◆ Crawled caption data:
++++

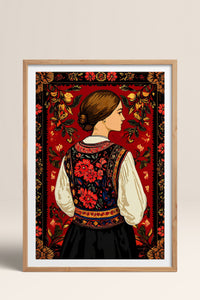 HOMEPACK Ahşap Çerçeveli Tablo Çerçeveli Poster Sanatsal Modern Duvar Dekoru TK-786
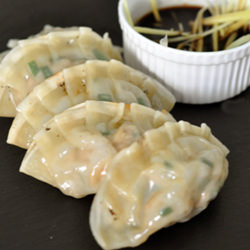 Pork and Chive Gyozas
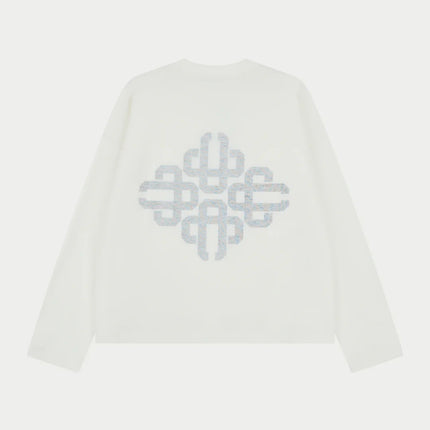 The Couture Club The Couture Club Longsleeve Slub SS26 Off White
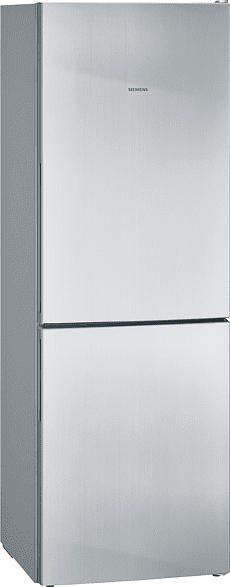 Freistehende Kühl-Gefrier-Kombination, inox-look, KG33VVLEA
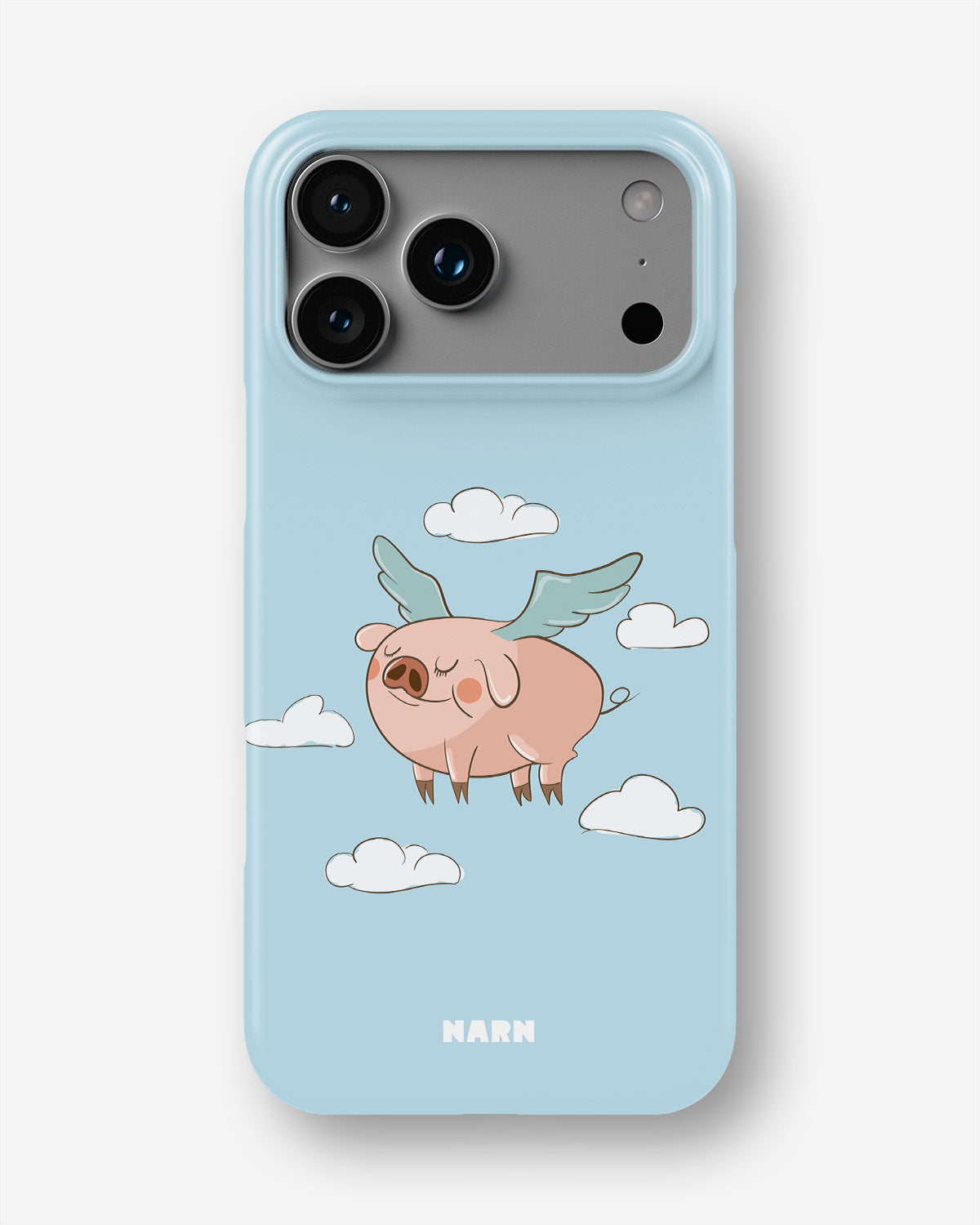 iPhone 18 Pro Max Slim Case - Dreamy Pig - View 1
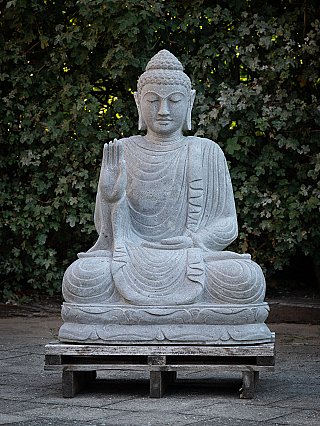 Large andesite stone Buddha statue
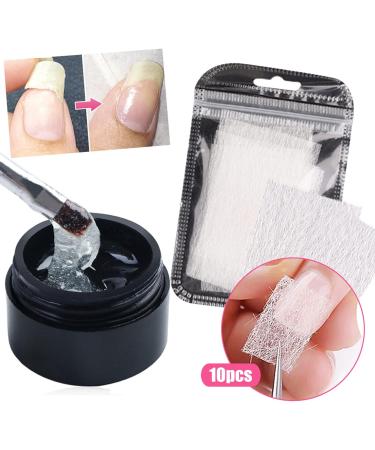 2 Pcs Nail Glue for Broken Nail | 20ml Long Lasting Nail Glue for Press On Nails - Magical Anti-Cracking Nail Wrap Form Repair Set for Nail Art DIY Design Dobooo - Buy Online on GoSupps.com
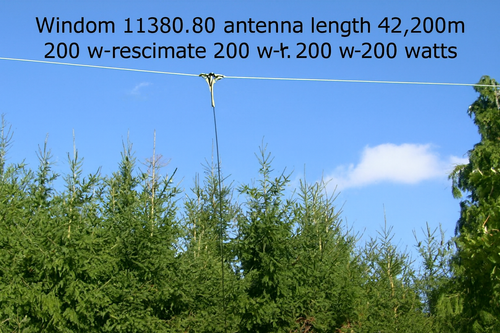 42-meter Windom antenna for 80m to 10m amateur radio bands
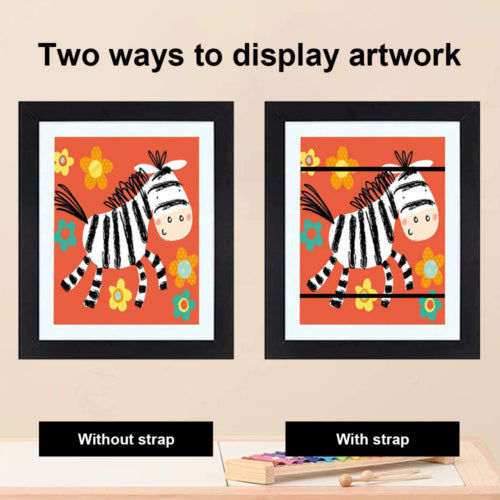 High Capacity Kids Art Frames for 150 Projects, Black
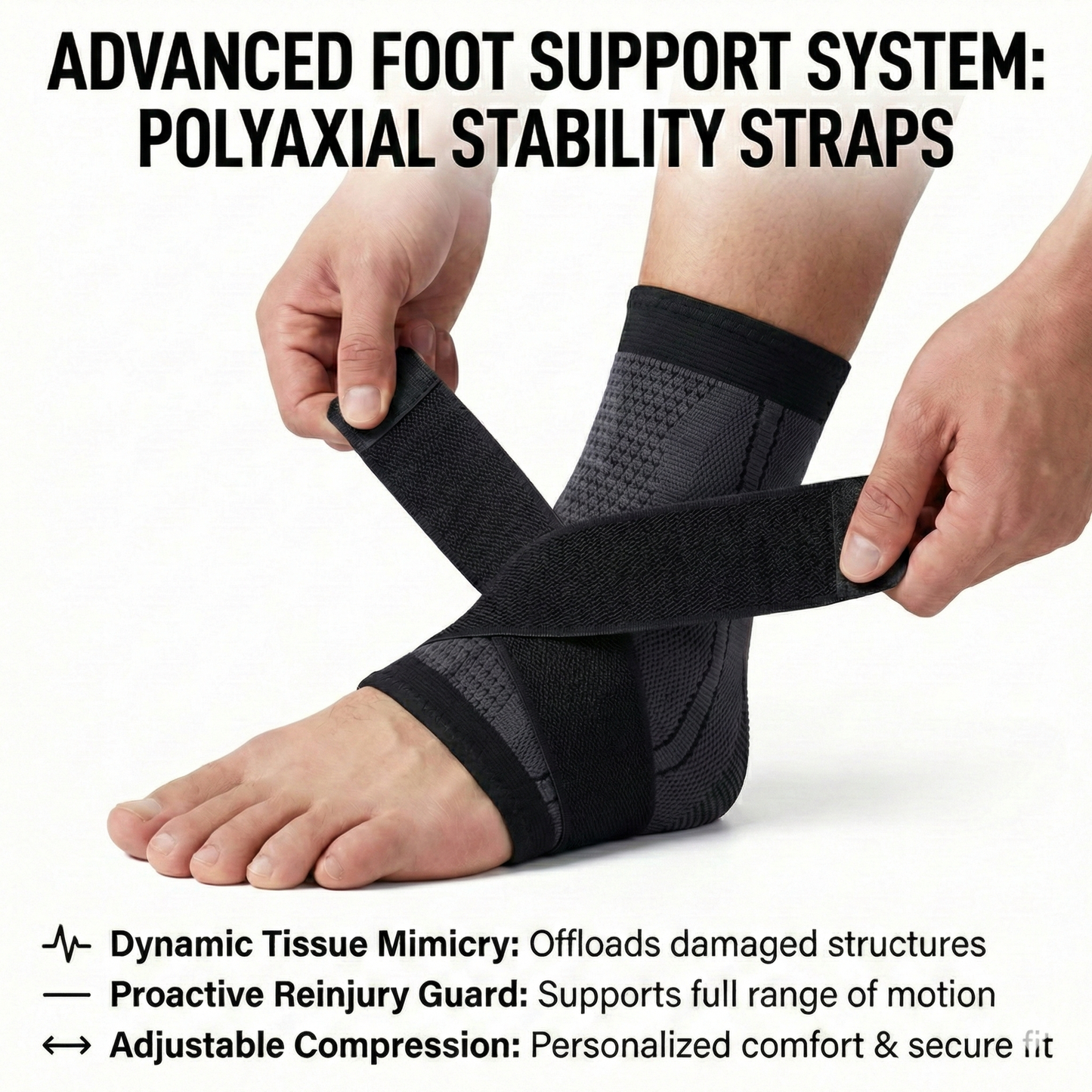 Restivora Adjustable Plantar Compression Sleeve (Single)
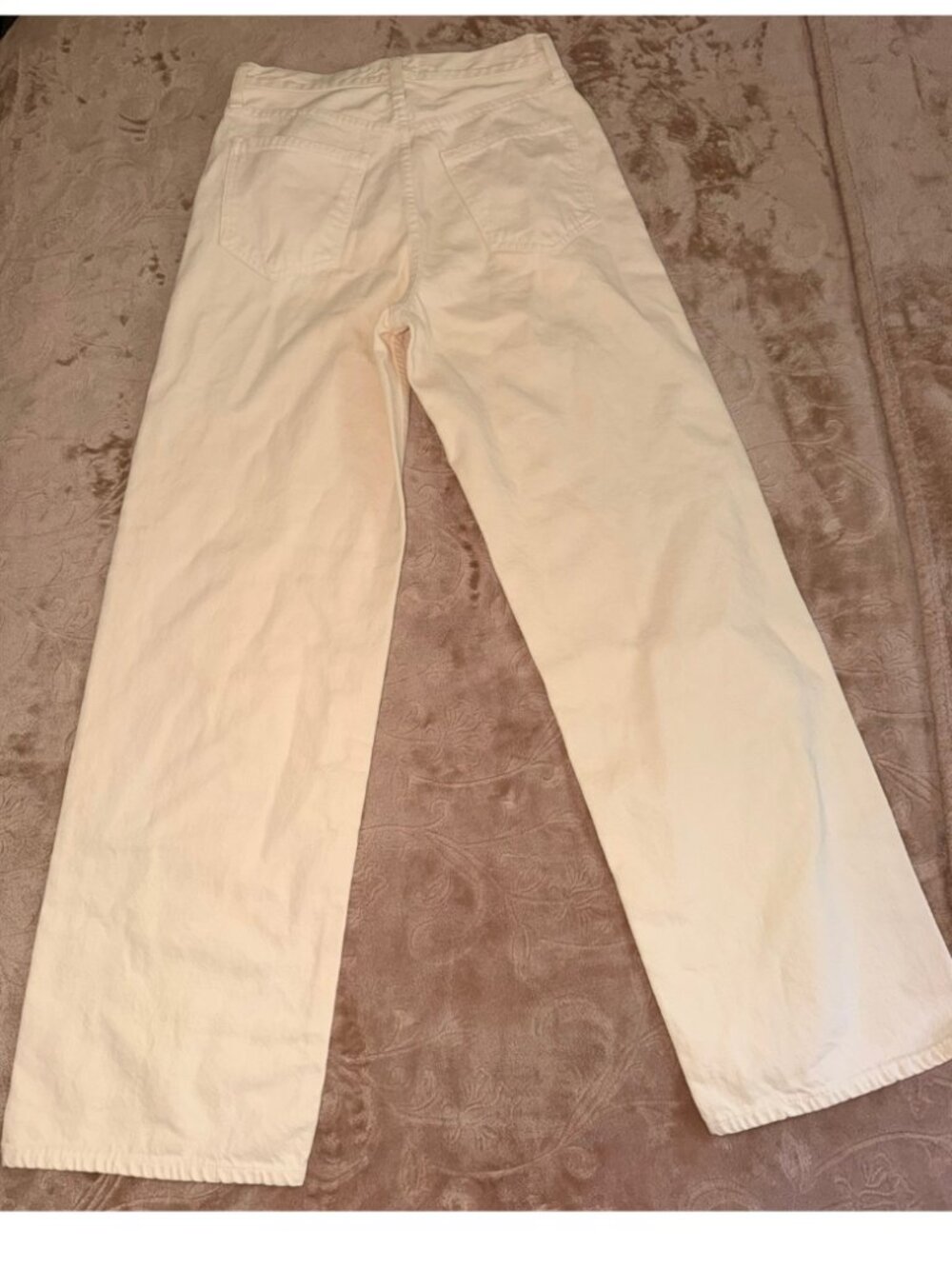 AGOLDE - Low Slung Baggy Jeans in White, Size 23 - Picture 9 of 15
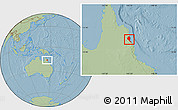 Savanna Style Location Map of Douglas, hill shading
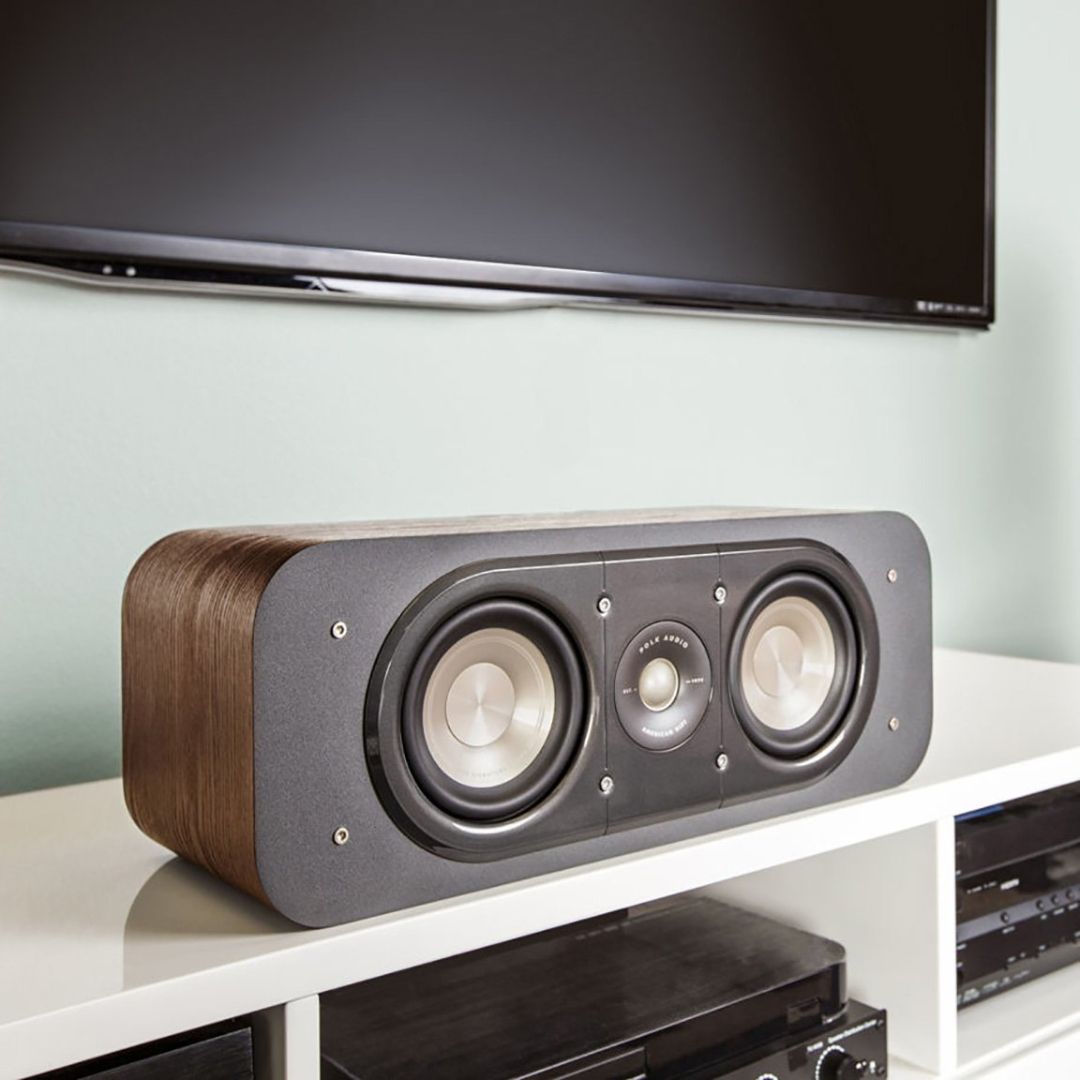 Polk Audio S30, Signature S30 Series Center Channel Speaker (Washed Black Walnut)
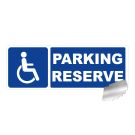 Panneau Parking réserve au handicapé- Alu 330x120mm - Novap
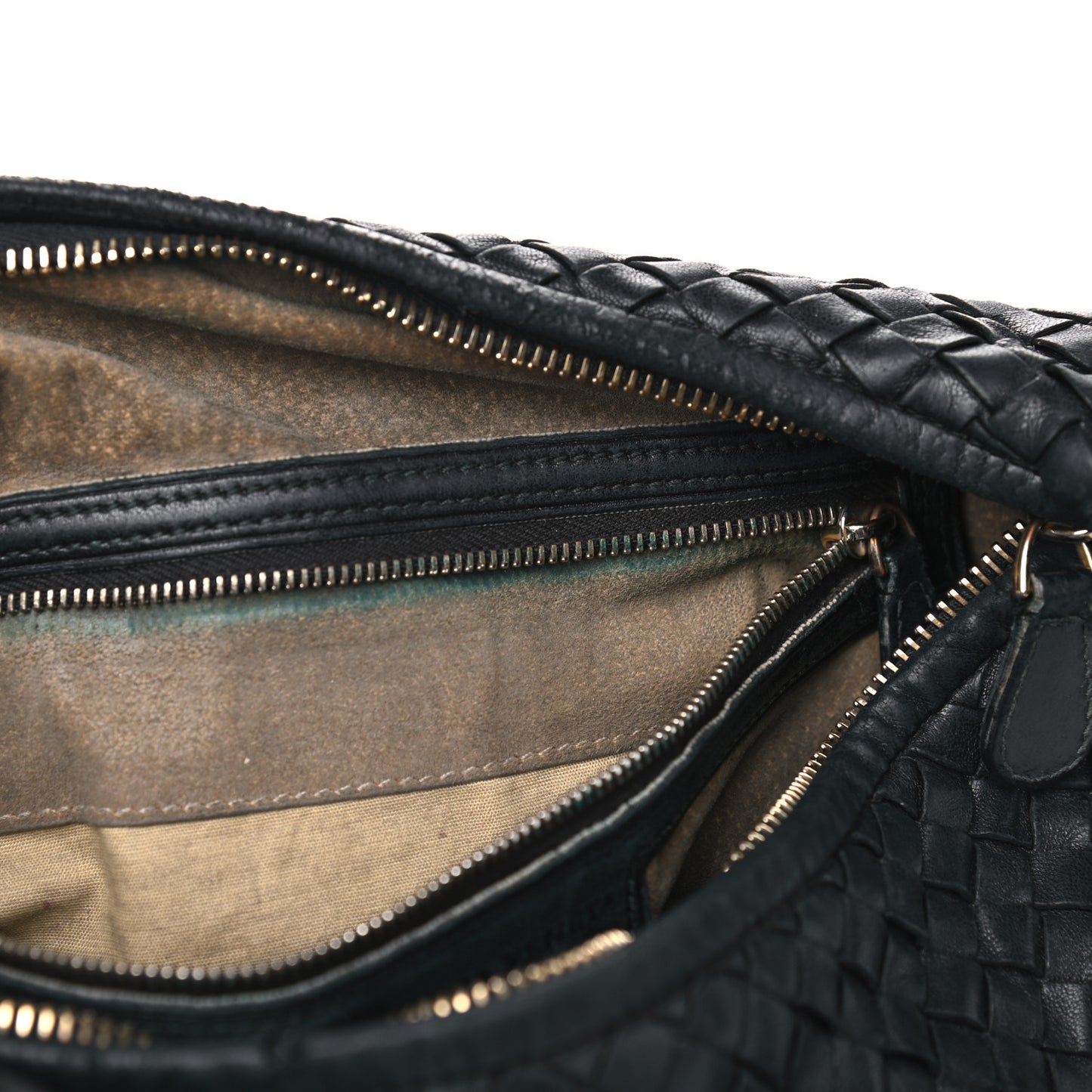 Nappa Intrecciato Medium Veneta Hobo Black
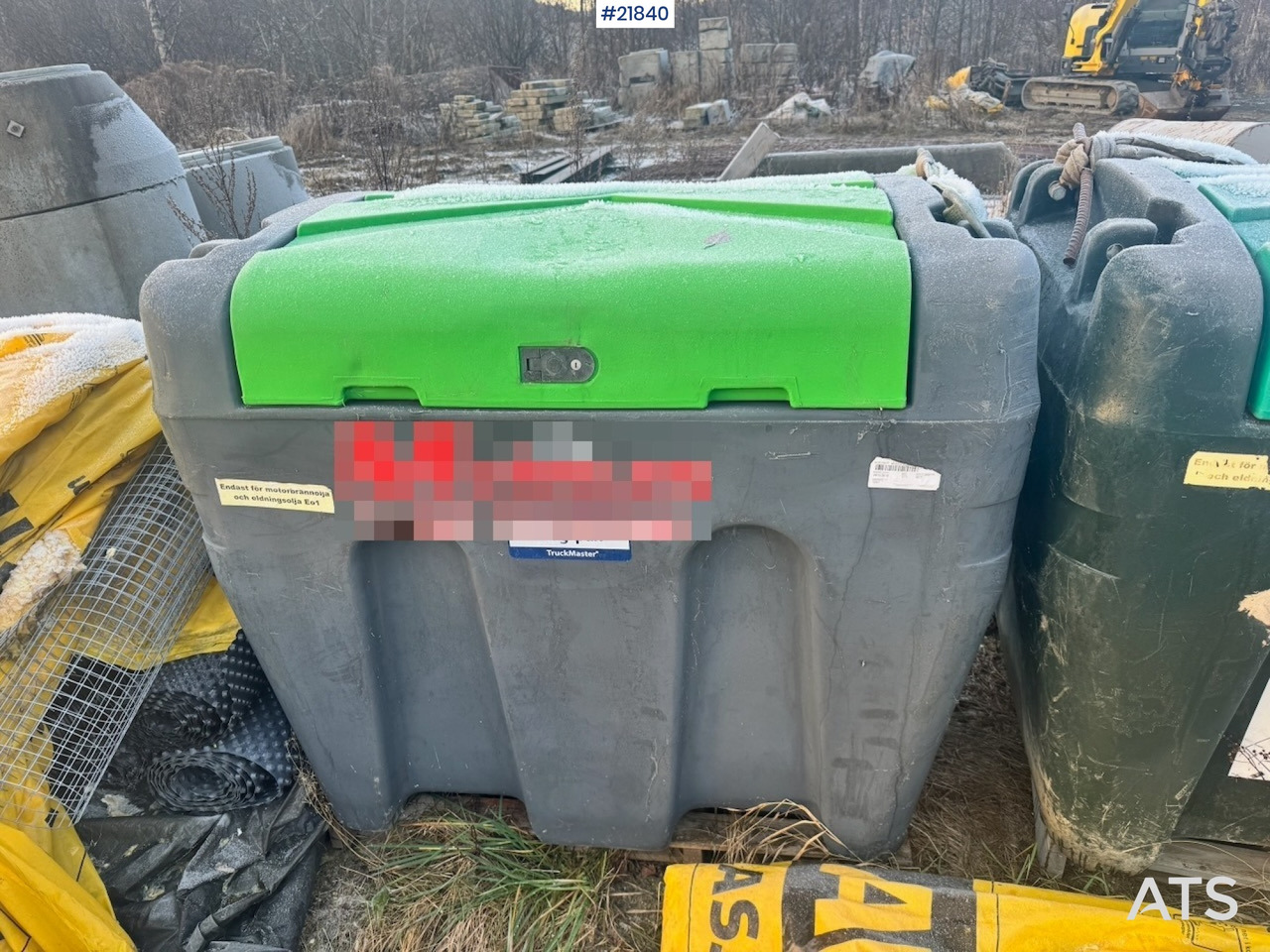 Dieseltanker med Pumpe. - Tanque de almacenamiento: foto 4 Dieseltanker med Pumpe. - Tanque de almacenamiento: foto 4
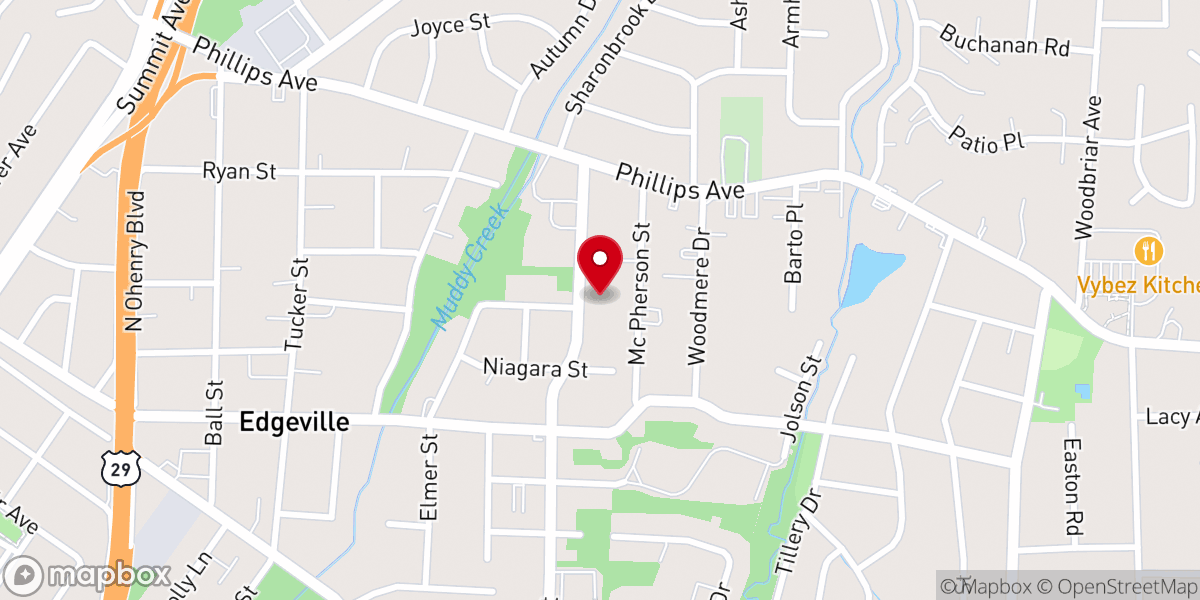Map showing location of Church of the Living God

++++

The pictures stay out; repeat exactly the lines from the one with "Savanna Style Location" to the end of the entries above, and nothing else.

 Savanna Style Location Map of Douglas, hill shading
 Polk Audio S30, Signature S30 Series Center Channel Speaker (Washed Black Walnut)
 Panneau Parking réserve au handicapé- Alu 330x120mm - Novap
 Nappa Intrecciato Medium Veneta Hobo Black
 Dieseltanker med Pumpe. - Tanque de almacenamiento: foto 4 Dieseltanker med Pumpe. - Tanque de almacenamiento: foto 4
Map showing location of Church of the Living God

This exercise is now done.